Under the second count, it appears that respondent was counsel for the defendants
Sotero Pontawe and Teofilo Aumada in Criminal Case No. 329 for theft of large cattle
before the Justice of the Peace Court of Baganga. Before the scheduled hearing on
September 18, 1959, upon request of complaining witness Ramon Morales,
respondent prepared a motion to dismiss on the ground that the "real accused in this
case are not the above-named persons." Notwithstanding the motion to dismiss, the
complaining witness was cited to appear on September 25, 1959 "to find out why Mr.
Ramon Morales, the complainant of Criminal Case No. 329, did not appear on
September 18, 1959, the date designated for preliminary investigation proper of this
case, and to find out whether the manifestation of counsel of the defense that there is
such amicable settlement in this case, Criminal Case No. 329, is true." During the
hearing on September 25, 1959, a heated exchange of argument arose between
respondent and the private prosecutor, Atty. Danao because of the latter's insistence on
calling Morales to the witness stand despite his expressed desistance to prosecute the
criminal case. Respondent manifested his intention to "intervene in behalf of the
complaining party in connection with the action of Atty.

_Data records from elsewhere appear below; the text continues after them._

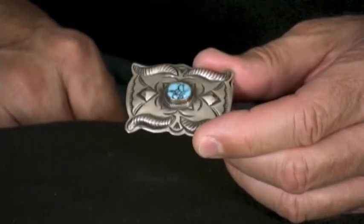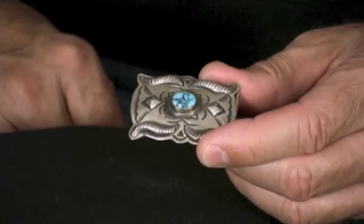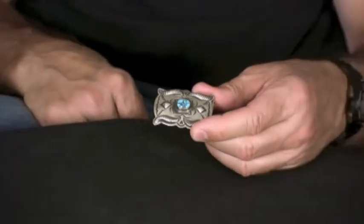This little buckle will look good with your dress suit, with your Levi's, with your khaki pants, with whatever you're wearing.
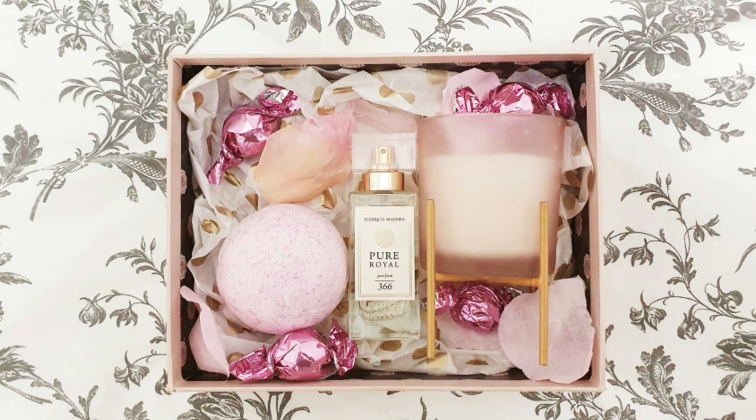And there you have it — one gorgeous gift set for a female for Valentine's Day. It could also be for Mother's Day, which is coming up, or really any occasion. The perfume is £26.90, the candle is £1, the bath bomb is £1, the petals are £1, and the chocolates are £1 as well — though of course I haven't used all the petals and chocolates.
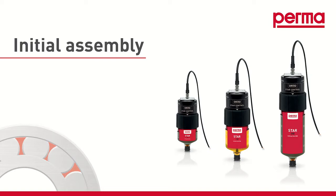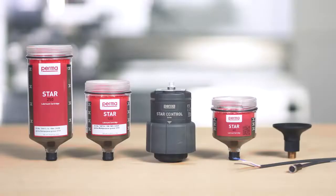The following three parts are required for commissioning the PERMA-STAR control: the drive, the STAR LC with lubricant — which you can select from three different sizes: LC60, LC120, and LC250 — and the connection cable for power supply to the PERMA-STAR control and to integrate the device into the PLC system.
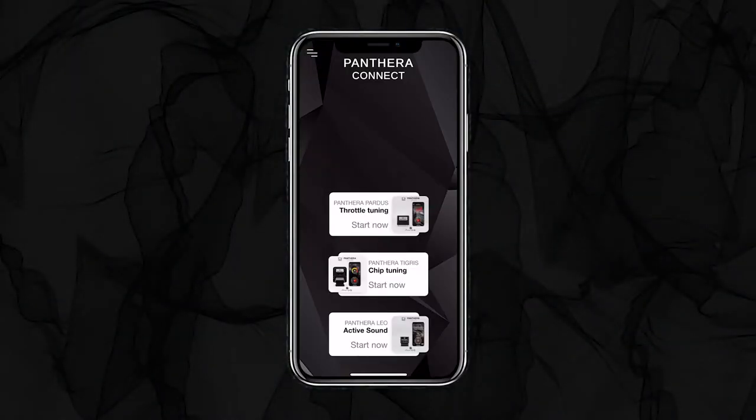In this video, we show you how to connect and firmware update your Pantera Leo Active Soundcube with the Pantera Connect app. If you want to buy the Leo Active Soundcube, visit pantera.shop. You can download the Pantera Connect app from the App Store on iOS devices and the Google Play Store on Android devices.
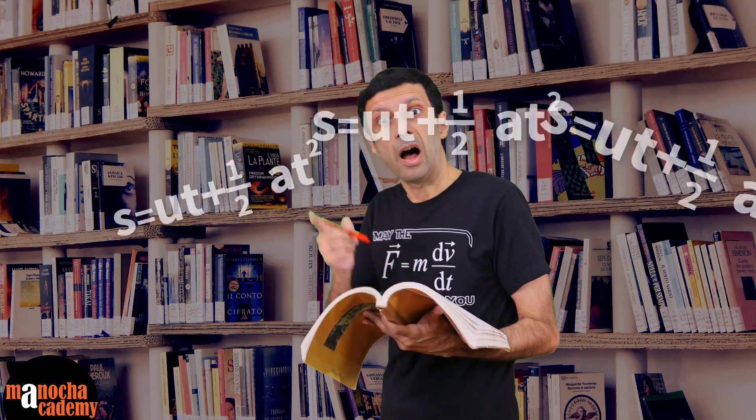V equals U plus AT. S equals UT plus half AT squared. V squared equals U squared plus 2AS.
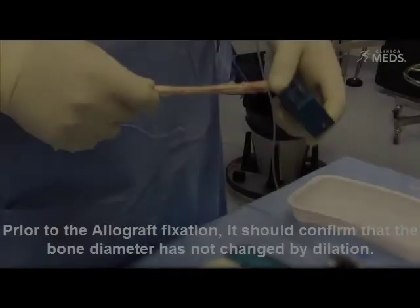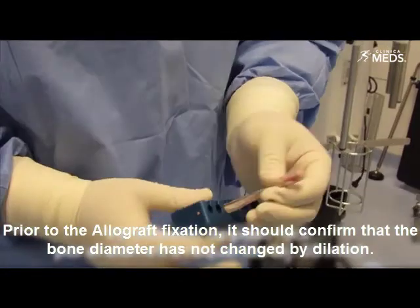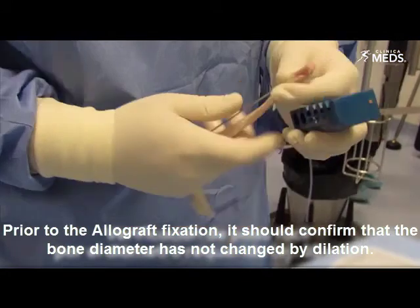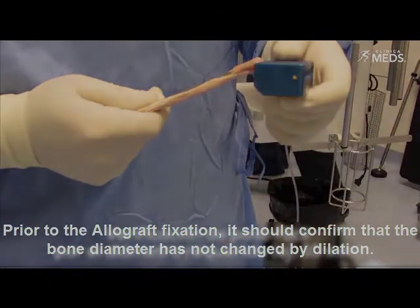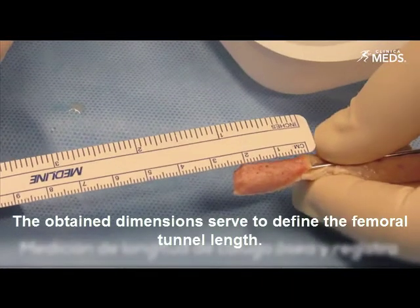Prior to the allograft fixation, it should be confirmed that the bone diameter has not changed by dilation. The obtained dimensions are used to define the femoral tunnel length.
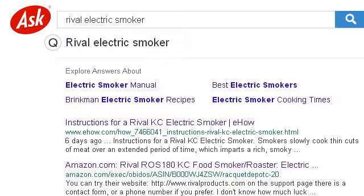If you don't find useful information on the previous sites, see 1841612.r.msn.com — the webpage 'Rival Electric Smoker.' This is the link.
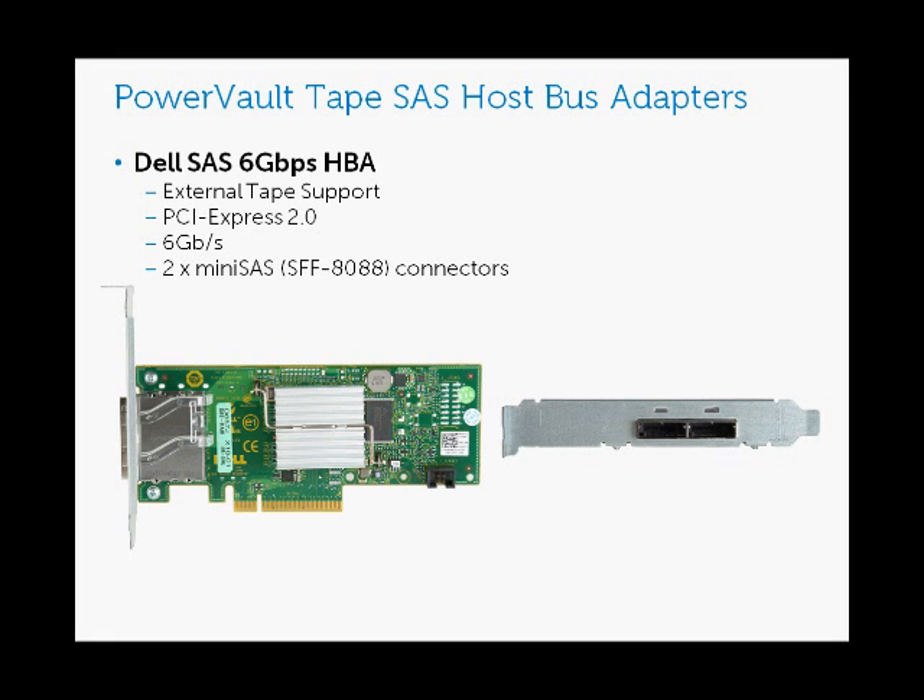The second SAS Host Bus adapter that Dell sells is the newer Dell SAS 6 gigabit per second HBA. It supports external tape, it is PCI Express 2.0, and it is 6 gigabit per second SAS. The key difference to be aware of is the mini SAS connectors on the back — there are two mini SAS connectors instead of two InfiniBand connectors like the SAS 5E, and you'll see those circled in red. The mini SAS connectors are a little bit skinnier and obviously take a different type of cable.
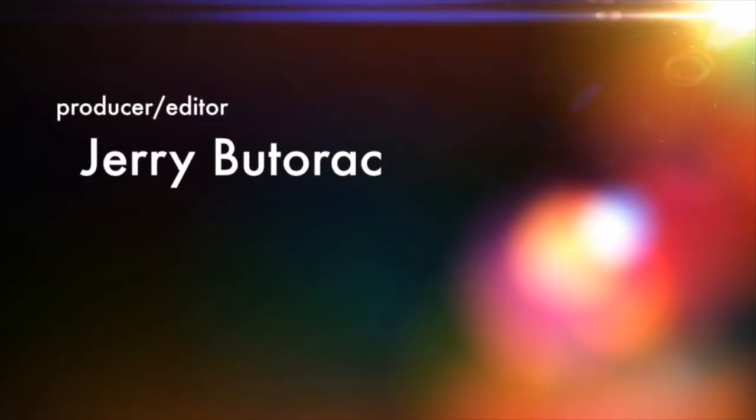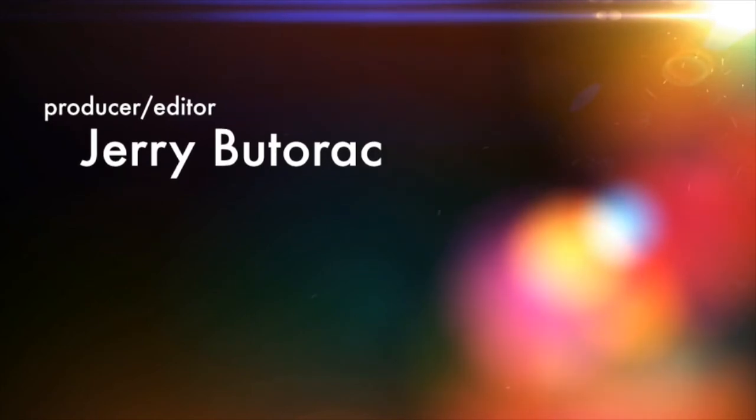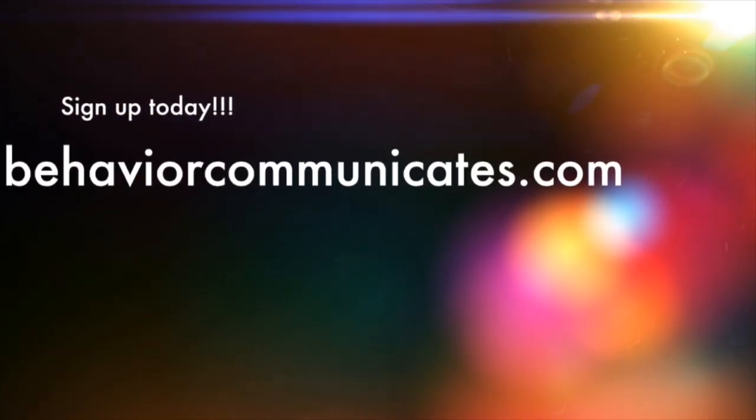Please like this video and leave a comment below, and share it with all of your parents, your teachers, your friends, and your co-workers on Facebook, Twitter, and all your other social media. You take care and I'll see you next time. Bye-bye.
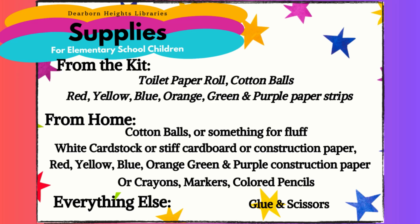From home: cotton balls or something for fluff; white cardstock or stiff cardboard, or construction paper; red, yellow, blue, orange, green, and purple construction paper, or crayons, markers, or colored pencils. Everything else: glue and scissors.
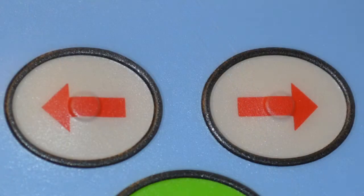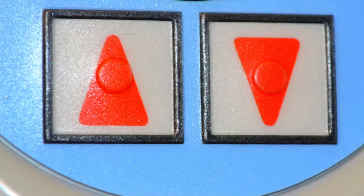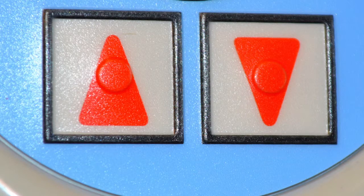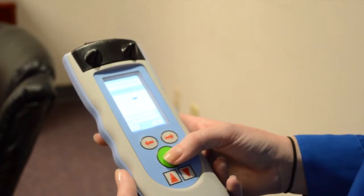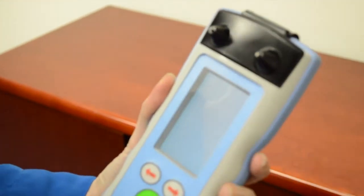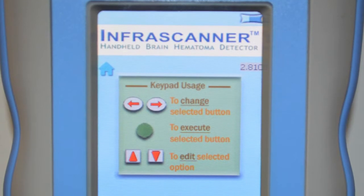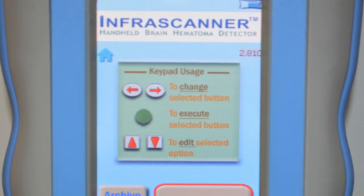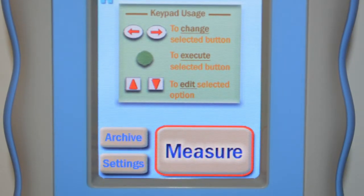The top left and right arrow keys navigate you through the InfraScanner screen menus. The center round green button is used to select or execute a task. The two up/down arrow keys are used to edit a task — for example, when navigating back to a measurement point to re-scan or navigating through the archive screen. When you power on, the first screen is the home screen, showing the battery indicator icon in the top right, a keypad usage diagram in the middle, and measure, archive, and settings choices at the bottom.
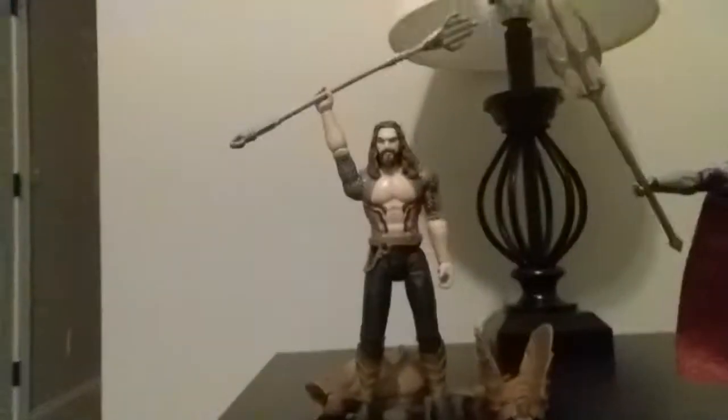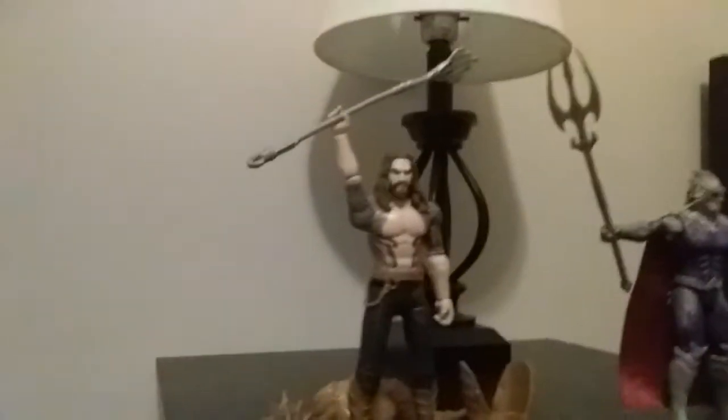I also got these Aquaman figures. You got Aquaman right here — I posed him holding his trident up, but it's not the gold one. Spoiler alert for Aquaman if you have not seen it: at the end he does get the gold one, and there's armor that came with it.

Danao in this particular
case."
We concur with the Solicitor General's view that under the foregoing circumstances,
respondent's act of preparing the motion to dismiss and stating in the course of the
hearing thereof that he was intervening "in behalf of the complaining party", did not
constitute simultaneous appearance in behalf of the contending parties since there was
no longer any conflict to speak of, the complainant having desisted from prosecuting
the case against the accused. Consequently, there was nothing improper in
respondent's conduct.
Upon the facts established in connection with the first count the Solicitor General has
recommended that the penalty of reprimand and warning be administered, citing the

decision of this Court in a comparable case, Caoibes vs. de la Rosa, 27 Phil. 265. We
believe the recommendation is justified.
WHEREFORE, respondent Juanito T. Hernandez is hereby reprimanded and warned
that a repetition of unprofessional conduct on his part will be dealt with more
severely. Let this decision be noted in respondent's record as a member of the Bar.
Concepcion, C. J., Reyes, J.B.L., Dizon, Zaldivar, Sanchez, Castro, Fernando and
Capistrano, JJ., concur.

Footnotes
1

Reiterated in Sumangil vs. Santo Roman, 84 Phil. 777.